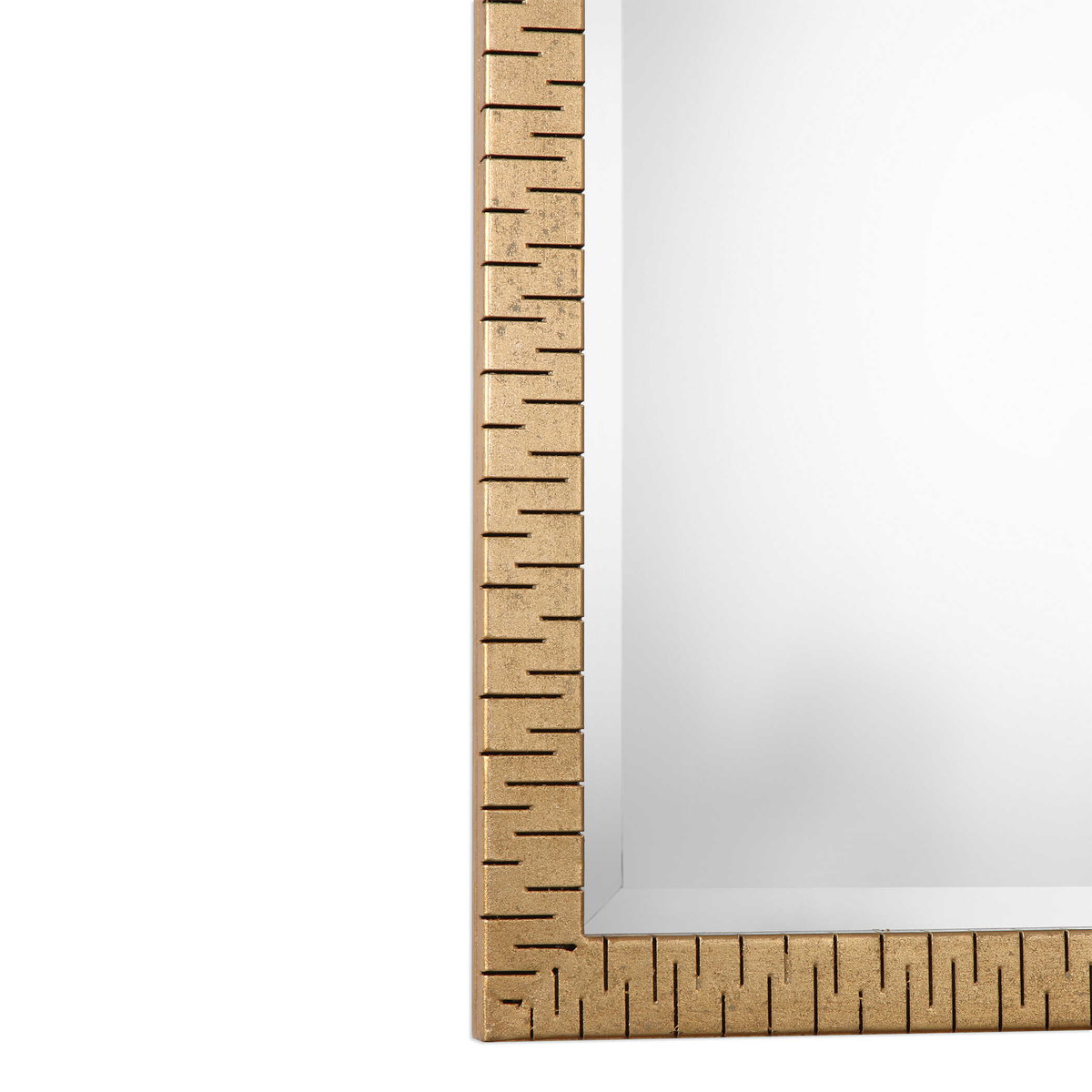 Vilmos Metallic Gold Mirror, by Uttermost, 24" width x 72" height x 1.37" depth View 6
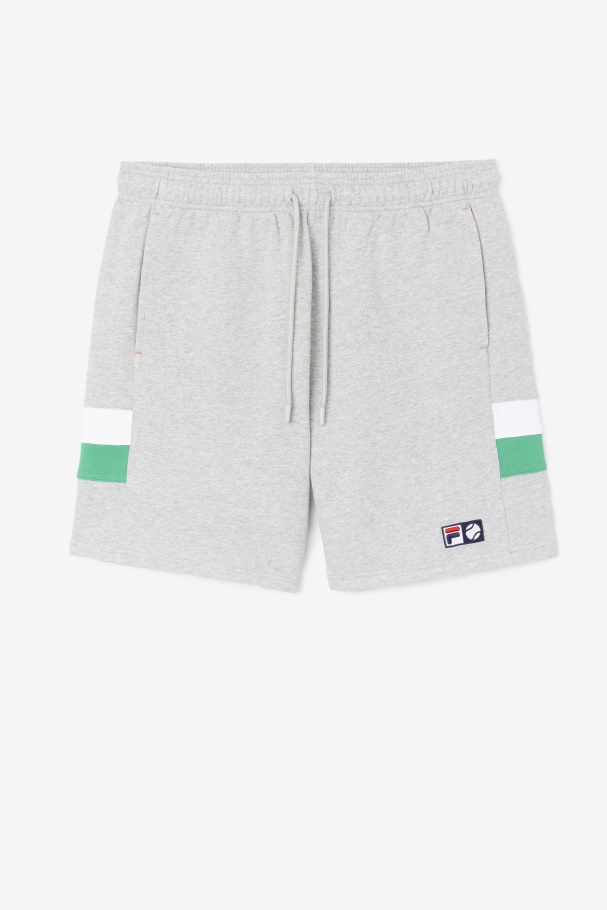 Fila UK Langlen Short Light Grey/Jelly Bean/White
------------------------------------------------
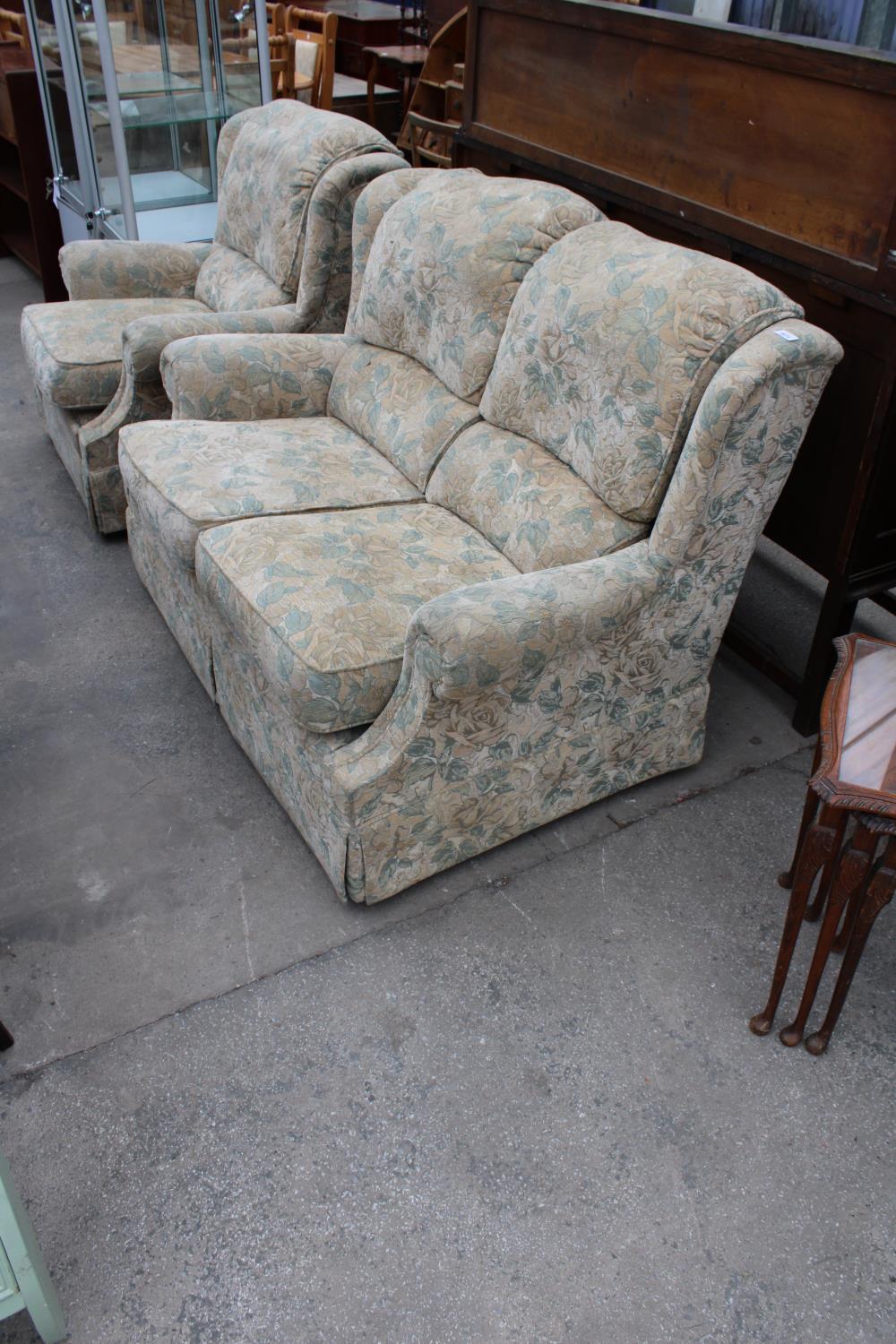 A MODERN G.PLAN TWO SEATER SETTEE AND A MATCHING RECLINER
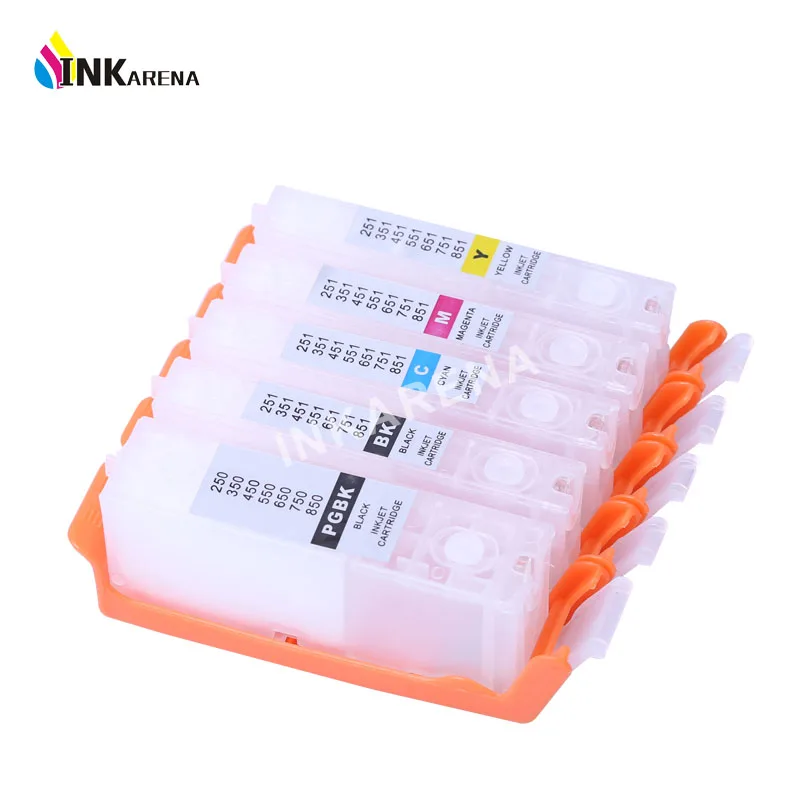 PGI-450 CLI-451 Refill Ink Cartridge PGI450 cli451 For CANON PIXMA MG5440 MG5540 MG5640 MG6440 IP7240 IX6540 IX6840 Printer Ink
------------------------------------------------
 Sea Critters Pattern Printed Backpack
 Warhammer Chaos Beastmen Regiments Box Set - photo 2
------------------------------------------------
Try it.
Take the entries above and copy exactly the lines starting at the one with "A MODERN G.PLAN" and ending at the one with "PGI-450 CLI-451 Refill"; nothing outside that span, and no pictures.

Your response.
 A MODERN G.PLAN TWO SEATER SETTEE AND A MATCHING RECLINER
 PGI-450 CLI-451 Refill Ink Cartridge PGI450 cli451 For CANON PIXMA MG5440 MG5540 MG5640 MG6440 IP7240 IX6540 IX6840 Printer Ink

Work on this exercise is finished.